The Thinara King (The Child of the Erinyes)
Page 25
His brows rose. He inhaled sharply as though he’d forgotten to breathe. “Soldiers in my country keep their hair short, for convenience.” His hand rose and covered hers. “Your hair too, is different.”
She’d nearly forgotten. When had she last looked at her reflection? So long ago she couldn’t remember.
“When I first met you,” he said, “you had only a topknot. You wove baubles through it.”
She laughed.
“After the Destruction, with your hair so short and with such small bones, you could have passed for a boy.” He shrugged. “You still could.” He moved his hand to her shoulder. “You’re no longer pale,” he said. “That terrified look is gone. All I want is to be with you, for as long as my moera allows. I want to live by your side. Do you trust me yet? Do you know I would do anything to protect you? That if you went over the edge of this cliff, I would follow and break your fall?”
“Yes.” She scooted onto his lap and tucked her head under his chin, closing her eyes. “I do know.” She loved how he made love to her with his words. Every time he did, it pushed Harpalycus a little further away.

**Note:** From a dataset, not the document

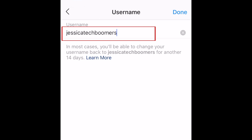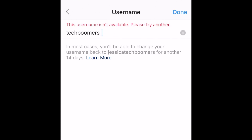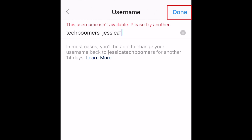Type in the new username you'd like to use. Keep in mind that your username must be unique, so if someone else has already claimed a name you want to use, maybe add in an underscore or a number to make yours different. When you're finished, tap done in the top right corner.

Wind blew over them, clean, crisp, tasting of snow and pine. An eagle cried. Sunlight drenched them in a patchwork of yellow warmth.
He will never leave me.
Believing it changed everything. She forgot all that was, all that would be. For this brief space of time, suspended above the earth on a tremulous rock outcropping, she allowed his love to slip inside and press like healing unguent over her injuries.
“Try this.” Menoetius offered her a bowl.
He smiled. She hadn’t seen that smile since she was ten years old, and she knew by it that Carmanor had come back.
The water’s purity made her smile, too. It no longer tasted of ash.
“I see Crete recovering.” Menoetius squatted next to her pallet, resting one arm alongside her thigh. “As the snow melts, it carries ash into the rivers, then to the sea. Rain removes more. Little by little, the earth again grows fertile.”
“I hope you’re right.” Aridela uncrossed her legs and stretched.
“We’ll return to the lowlands and it will be as though none of it ever happened.”
“Yes.” Fierce, hot desire shot through her.
“You want to go back now,” he said. His eyes missed nothing.
“You know I do.”
Scowling, he stood up and strode away.
She rose from the pallet, her heart sinking. The time had come.
She’d known for days she had to do something. An end must be made to their mountain idyll, now, before another day passed and it grew harder, she grew weaker, and the child in her womb grew bigger. “I belong to the people of Kaphtor,” she said softly. “My life isn’t my own. If it were, if I weren’t queen, I would stay here with you.”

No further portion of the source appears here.